§ **Assignment**: Could you write out the records exactly as they are given?

:: Available data

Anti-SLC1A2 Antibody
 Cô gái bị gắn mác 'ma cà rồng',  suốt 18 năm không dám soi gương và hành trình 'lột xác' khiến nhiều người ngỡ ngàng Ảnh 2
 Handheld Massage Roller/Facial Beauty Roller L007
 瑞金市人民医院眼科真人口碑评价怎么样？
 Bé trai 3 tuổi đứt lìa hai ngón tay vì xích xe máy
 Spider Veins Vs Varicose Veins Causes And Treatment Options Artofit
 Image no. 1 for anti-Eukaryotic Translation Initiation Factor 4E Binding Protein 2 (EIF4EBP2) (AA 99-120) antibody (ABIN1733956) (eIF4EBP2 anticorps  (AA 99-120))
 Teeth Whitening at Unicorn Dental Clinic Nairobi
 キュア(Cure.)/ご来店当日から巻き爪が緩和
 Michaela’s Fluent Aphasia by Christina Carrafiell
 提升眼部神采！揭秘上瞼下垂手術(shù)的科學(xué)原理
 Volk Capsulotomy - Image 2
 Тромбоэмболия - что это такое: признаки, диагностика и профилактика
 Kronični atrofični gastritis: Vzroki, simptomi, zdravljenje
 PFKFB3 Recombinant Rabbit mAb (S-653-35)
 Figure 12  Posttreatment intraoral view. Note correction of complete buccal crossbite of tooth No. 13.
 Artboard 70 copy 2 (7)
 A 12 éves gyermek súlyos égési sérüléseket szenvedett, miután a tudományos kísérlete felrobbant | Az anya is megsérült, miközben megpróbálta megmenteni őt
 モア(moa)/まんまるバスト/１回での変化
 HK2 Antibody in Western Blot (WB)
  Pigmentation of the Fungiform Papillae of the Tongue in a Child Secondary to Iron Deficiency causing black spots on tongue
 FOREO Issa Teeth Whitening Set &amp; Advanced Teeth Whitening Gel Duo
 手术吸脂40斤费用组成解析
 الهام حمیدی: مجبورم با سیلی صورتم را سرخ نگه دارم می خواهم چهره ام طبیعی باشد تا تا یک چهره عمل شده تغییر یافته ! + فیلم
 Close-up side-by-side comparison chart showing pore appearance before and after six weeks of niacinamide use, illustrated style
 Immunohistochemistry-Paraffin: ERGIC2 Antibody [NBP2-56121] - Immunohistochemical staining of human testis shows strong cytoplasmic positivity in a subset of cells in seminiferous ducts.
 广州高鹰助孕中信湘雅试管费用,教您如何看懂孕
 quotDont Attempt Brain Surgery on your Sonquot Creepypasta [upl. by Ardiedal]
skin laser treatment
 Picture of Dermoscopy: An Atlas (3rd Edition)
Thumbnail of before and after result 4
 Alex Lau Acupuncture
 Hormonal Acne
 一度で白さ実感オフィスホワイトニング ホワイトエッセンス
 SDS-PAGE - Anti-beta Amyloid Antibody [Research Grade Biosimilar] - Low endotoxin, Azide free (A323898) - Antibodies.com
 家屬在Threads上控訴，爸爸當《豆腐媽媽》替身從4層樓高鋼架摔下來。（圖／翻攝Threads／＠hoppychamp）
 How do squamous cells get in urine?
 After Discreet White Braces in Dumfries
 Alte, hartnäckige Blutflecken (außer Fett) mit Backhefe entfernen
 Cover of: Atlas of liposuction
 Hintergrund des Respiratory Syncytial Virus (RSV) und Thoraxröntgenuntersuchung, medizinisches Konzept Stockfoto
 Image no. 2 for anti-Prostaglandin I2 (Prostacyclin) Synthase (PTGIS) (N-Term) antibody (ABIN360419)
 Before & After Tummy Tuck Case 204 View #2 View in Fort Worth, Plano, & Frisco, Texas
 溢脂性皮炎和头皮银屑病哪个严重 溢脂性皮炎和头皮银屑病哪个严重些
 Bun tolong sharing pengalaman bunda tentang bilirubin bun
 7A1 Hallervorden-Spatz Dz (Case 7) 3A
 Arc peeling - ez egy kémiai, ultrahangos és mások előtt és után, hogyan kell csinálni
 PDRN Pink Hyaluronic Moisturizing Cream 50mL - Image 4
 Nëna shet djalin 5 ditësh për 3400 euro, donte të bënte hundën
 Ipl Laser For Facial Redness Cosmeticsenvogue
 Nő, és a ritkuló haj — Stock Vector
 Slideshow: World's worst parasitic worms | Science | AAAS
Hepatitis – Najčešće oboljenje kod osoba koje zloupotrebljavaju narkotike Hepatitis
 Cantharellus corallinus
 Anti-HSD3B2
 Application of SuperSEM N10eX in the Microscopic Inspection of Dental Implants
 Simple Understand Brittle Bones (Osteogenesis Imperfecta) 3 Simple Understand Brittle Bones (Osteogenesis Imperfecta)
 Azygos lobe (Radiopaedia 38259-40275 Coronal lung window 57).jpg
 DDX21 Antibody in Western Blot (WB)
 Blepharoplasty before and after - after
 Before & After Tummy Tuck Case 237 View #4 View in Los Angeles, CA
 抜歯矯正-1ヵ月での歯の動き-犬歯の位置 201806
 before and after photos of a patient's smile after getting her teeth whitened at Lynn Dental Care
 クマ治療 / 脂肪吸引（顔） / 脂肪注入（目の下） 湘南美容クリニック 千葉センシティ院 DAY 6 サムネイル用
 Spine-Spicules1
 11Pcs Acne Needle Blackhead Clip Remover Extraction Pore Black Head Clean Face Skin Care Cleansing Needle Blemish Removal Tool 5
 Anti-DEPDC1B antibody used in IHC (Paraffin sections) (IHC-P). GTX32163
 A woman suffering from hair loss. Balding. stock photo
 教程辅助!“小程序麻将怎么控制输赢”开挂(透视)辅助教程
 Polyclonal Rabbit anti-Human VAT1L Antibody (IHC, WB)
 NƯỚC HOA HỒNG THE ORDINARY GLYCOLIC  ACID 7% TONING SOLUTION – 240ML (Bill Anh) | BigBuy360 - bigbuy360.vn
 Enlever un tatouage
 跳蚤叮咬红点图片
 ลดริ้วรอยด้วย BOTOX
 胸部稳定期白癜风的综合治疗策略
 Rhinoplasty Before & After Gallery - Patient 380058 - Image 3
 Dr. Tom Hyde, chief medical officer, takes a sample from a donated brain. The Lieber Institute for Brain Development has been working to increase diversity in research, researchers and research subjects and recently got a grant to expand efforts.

::::

§ **Your solution**:
Anti-SLC1A2 Antibody
 Cô gái bị gắn mác 'ma cà rồng',  suốt 18 năm không dám soi gương và hành trình 'lột xác' khiến nhiều người ngỡ ngàng Ảnh 2
 Handheld Massage Roller/Facial Beauty Roller L007
 瑞金市人民医院眼科真人口碑评价怎么样？
 Bé trai 3 tuổi đứt lìa hai ngón tay vì xích xe máy
 Spider Veins Vs Varicose Veins Causes And Treatment Options Artofit
 Image no. 1 for anti-Eukaryotic Translation Initiation Factor 4E Binding Protein 2 (EIF4EBP2) (AA 99-120) antibody (ABIN1733956) (eIF4EBP2 anticorps  (AA 99-120))
 Teeth Whitening at Unicorn Dental Clinic Nairobi
 キュア(Cure.)/ご来店当日から巻き爪が緩和
 Michaela’s Fluent Aphasia by Christina Carrafiell
 提升眼部神采！揭秘上瞼下垂手術(shù)的科學(xué)原理
 Volk Capsulotomy - Image 2
 Тромбоэмболия - что это такое: признаки, диагностика и профилактика
 Kronični atrofični gastritis: Vzroki, simptomi, zdravljenje
 PFKFB3 Recombinant Rabbit mAb (S-653-35)
 Figure 12  Posttreatment intraoral view. Note correction of complete buccal crossbite of tooth No. 13.
 Artboard 70 copy 2 (7)
 A 12 éves gyermek súlyos égési sérüléseket szenvedett, miután a tudományos kísérlete felrobbant | Az anya is megsérült, miközben megpróbálta megmenteni őt
 モア(moa)/まんまるバスト/１回での変化
 HK2 Antibody in Western Blot (WB)
  Pigmentation of the Fungiform Papillae of the Tongue in a Child Secondary to Iron Deficiency causing black spots on tongue
 FOREO Issa Teeth Whitening Set &amp; Advanced Teeth Whitening Gel Duo
 手术吸脂40斤费用组成解析
 الهام حمیدی: مجبورم با سیلی صورتم را سرخ نگه دارم می خواهم چهره ام طبیعی باشد تا تا یک چهره عمل شده تغییر یافته ! + فیلم
 Close-up side-by-side comparison chart showing pore appearance before and after six weeks of niacinamide use, illustrated style
 Immunohistochemistry-Paraffin: ERGIC2 Antibody [NBP2-56121] - Immunohistochemical staining of human testis shows strong cytoplasmic positivity in a subset of cells in seminiferous ducts.
 广州高鹰助孕中信湘雅试管费用,教您如何看懂孕
 quotDont Attempt Brain Surgery on your Sonquot Creepypasta [upl. by Ardiedal]
skin laser treatment
 Picture of Dermoscopy: An Atlas (3rd Edition)
Thumbnail of before and after result 4
 Alex Lau Acupuncture
 Hormonal Acne
 一度で白さ実感オフィスホワイトニング ホワイトエッセンス
 SDS-PAGE - Anti-beta Amyloid Antibody [Research Grade Biosimilar] - Low endotoxin, Azide free (A323898) - Antibodies.com
 家屬在Threads上控訴，爸爸當《豆腐媽媽》替身從4層樓高鋼架摔下來。（圖／翻攝Threads／＠hoppychamp）
 How do squamous cells get in urine?
 After Discreet White Braces in Dumfries
 Alte, hartnäckige Blutflecken (außer Fett) mit Backhefe entfernen
 Cover of: Atlas of liposuction
 Hintergrund des Respiratory Syncytial Virus (RSV) und Thoraxröntgenuntersuchung, medizinisches Konzept Stockfoto
 Image no. 2 for anti-Prostaglandin I2 (Prostacyclin) Synthase (PTGIS) (N-Term) antibody (ABIN360419)
 Before & After Tummy Tuck Case 204 View #2 View in Fort Worth, Plano, & Frisco, Texas
 溢脂性皮炎和头皮银屑病哪个严重 溢脂性皮炎和头皮银屑病哪个严重些
 Bun tolong sharing pengalaman bunda tentang bilirubin bun
 7A1 Hallervorden-Spatz Dz (Case 7) 3A
 Arc peeling - ez egy kémiai, ultrahangos és mások előtt és után, hogyan kell csinálni
 PDRN Pink Hyaluronic Moisturizing Cream 50mL - Image 4
 Nëna shet djalin 5 ditësh për 3400 euro, donte të bënte hundën
 Ipl Laser For Facial Redness Cosmeticsenvogue
 Nő, és a ritkuló haj — Stock Vector
 Slideshow: World's worst parasitic worms | Science | AAAS
Hepatitis – Najčešće oboljenje kod osoba koje zloupotrebljavaju narkotike Hepatitis
 Cantharellus corallinus
 Anti-HSD3B2
 Application of SuperSEM N10eX in the Microscopic Inspection of Dental Implants
 Simple Understand Brittle Bones (Osteogenesis Imperfecta) 3 Simple Understand Brittle Bones (Osteogenesis Imperfecta)
 Azygos lobe (Radiopaedia 38259-40275 Coronal lung window 57).jpg
 DDX21 Antibody in Western Blot (WB)
 Blepharoplasty before and after - after
 Before & After Tummy Tuck Case 237 View #4 View in Los Angeles, CA
 抜歯矯正-1ヵ月での歯の動き-犬歯の位置 201806
 before and after photos of a patient's smile after getting her teeth whitened at Lynn Dental Care
 クマ治療 / 脂肪吸引（顔） / 脂肪注入（目の下） 湘南美容クリニック 千葉センシティ院 DAY 6 サムネイル用
 Spine-Spicules1
 11Pcs Acne Needle Blackhead Clip Remover Extraction Pore Black Head Clean Face Skin Care Cleansing Needle Blemish Removal Tool 5
 Anti-DEPDC1B antibody used in IHC (Paraffin sections) (IHC-P). GTX32163
 A woman suffering from hair loss. Balding. stock photo
 教程辅助!“小程序麻将怎么控制输赢”开挂(透视)辅助教程
 Polyclonal Rabbit anti-Human VAT1L Antibody (IHC, WB)
 NƯỚC HOA HỒNG THE ORDINARY GLYCOLIC  ACID 7% TONING SOLUTION – 240ML (Bill Anh) | BigBuy360 - bigbuy360.vn
 Enlever un tatouage
 跳蚤叮咬红点图片
 ลดริ้วรอยด้วย BOTOX
 胸部稳定期白癜风的综合治疗策略
 Rhinoplasty Before & After Gallery - Patient 380058 - Image 3
 Dr. Tom Hyde, chief medical officer, takes a sample from a donated brain. The Lieber Institute for Brain Development has been working to increase diversity in research, researchers and research subjects and recently got a grant to expand efforts.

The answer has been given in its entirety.